Material provided:
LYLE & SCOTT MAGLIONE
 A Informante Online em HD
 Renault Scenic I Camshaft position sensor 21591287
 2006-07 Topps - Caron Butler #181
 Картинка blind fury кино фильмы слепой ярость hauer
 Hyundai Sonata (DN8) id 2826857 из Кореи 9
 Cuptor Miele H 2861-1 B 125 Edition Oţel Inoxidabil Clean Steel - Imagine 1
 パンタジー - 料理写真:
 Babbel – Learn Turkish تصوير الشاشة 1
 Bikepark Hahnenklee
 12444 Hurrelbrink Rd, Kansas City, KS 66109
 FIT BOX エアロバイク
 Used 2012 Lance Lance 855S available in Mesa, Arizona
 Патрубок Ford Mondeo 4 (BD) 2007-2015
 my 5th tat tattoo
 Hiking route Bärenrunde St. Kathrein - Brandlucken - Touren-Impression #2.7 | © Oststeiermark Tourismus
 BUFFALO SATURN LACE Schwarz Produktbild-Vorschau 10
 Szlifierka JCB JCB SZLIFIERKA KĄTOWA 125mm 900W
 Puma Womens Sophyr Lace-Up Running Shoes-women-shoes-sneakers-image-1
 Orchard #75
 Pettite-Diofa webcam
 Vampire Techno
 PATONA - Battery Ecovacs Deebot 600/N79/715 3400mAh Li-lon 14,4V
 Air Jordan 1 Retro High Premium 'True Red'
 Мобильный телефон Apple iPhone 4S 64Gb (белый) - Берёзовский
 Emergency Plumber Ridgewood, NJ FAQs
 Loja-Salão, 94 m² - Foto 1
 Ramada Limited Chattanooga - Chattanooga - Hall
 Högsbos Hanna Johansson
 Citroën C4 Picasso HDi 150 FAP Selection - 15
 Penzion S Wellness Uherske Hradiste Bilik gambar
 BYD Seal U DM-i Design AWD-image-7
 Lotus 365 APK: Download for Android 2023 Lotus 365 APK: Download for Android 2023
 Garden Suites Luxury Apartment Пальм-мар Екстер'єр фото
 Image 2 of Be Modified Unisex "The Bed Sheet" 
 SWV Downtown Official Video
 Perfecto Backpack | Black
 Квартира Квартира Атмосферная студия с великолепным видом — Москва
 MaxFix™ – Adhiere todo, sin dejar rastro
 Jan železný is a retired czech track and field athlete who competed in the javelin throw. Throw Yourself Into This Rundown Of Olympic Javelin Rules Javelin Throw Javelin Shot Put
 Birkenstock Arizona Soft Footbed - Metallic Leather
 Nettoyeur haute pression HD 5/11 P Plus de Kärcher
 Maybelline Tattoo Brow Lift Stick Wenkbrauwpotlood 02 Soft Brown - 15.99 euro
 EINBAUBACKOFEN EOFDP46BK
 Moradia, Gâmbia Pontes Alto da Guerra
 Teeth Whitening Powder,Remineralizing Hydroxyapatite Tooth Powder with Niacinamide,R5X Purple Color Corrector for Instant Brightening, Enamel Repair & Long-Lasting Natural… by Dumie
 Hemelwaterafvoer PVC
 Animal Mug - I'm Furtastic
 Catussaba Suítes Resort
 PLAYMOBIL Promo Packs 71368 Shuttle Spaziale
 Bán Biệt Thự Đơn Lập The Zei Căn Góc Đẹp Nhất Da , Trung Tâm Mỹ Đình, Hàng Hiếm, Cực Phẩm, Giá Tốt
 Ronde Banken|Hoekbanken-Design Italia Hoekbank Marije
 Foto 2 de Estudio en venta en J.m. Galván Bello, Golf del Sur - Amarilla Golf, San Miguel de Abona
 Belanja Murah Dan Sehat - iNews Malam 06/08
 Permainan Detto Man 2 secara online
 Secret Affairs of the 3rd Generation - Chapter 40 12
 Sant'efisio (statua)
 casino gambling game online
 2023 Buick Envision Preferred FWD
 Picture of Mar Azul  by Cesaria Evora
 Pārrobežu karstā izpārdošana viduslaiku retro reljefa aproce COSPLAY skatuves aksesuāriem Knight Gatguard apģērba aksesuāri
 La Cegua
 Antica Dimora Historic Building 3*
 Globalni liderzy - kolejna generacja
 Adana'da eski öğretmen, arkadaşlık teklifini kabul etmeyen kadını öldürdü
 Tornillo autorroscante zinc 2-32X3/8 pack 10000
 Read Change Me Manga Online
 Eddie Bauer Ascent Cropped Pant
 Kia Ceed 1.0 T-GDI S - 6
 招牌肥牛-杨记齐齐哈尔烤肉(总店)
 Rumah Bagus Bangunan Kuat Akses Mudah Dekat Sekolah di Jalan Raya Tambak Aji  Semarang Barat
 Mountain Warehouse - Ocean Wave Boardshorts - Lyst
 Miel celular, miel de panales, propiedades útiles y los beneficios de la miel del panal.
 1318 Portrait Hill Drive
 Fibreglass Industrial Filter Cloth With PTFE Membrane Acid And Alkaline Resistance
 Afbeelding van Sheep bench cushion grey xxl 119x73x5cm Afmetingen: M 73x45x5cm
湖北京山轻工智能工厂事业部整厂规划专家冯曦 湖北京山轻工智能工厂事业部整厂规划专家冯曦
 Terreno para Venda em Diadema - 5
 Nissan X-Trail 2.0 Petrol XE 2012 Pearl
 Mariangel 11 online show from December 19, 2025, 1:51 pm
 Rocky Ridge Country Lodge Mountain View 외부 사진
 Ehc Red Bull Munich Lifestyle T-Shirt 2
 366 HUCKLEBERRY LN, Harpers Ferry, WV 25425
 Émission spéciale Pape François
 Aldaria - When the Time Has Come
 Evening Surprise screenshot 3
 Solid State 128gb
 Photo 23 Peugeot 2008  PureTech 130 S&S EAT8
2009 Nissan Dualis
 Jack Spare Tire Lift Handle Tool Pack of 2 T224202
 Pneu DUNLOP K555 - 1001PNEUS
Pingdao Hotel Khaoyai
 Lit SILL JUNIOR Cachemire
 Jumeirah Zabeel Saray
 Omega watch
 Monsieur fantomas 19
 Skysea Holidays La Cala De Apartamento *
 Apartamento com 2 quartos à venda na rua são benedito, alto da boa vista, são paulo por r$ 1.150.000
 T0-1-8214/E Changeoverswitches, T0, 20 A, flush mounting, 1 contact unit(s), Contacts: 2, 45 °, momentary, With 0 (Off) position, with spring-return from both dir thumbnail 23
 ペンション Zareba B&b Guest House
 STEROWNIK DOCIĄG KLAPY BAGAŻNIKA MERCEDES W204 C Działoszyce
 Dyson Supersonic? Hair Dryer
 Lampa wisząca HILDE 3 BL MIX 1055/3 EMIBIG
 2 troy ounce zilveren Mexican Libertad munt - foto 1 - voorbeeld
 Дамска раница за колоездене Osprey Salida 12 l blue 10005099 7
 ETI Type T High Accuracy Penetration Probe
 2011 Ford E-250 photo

Task goal:
Your answer should consist only of the lines from the one with "Pingdao Hotel Khaoyai" through the last line of the entries above, retyped exactly.

Exercise answer:
Pingdao Hotel Khaoyai
 Lit SILL JUNIOR Cachemire
 Jumeirah Zabeel Saray
 Omega watch
 Monsieur fantomas 19
 Skysea Holidays La Cala De Apartamento *
 Apartamento com 2 quartos à venda na rua são benedito, alto da boa vista, são paulo por r$ 1.150.000
 T0-1-8214/E Changeoverswitches, T0, 20 A, flush mounting, 1 contact unit(s), Contacts: 2, 45 °, momentary, With 0 (Off) position, with spring-return from both dir thumbnail 23
 ペンション Zareba B&b Guest House
 STEROWNIK DOCIĄG KLAPY BAGAŻNIKA MERCEDES W204 C Działoszyce
 Dyson Supersonic? Hair Dryer
 Lampa wisząca HILDE 3 BL MIX 1055/3 EMIBIG
 2 troy ounce zilveren Mexican Libertad munt - foto 1 - voorbeeld
 Дамска раница за колоездене Osprey Salida 12 l blue 10005099 7
 ETI Type T High Accuracy Penetration Probe
 2011 Ford E-250 photo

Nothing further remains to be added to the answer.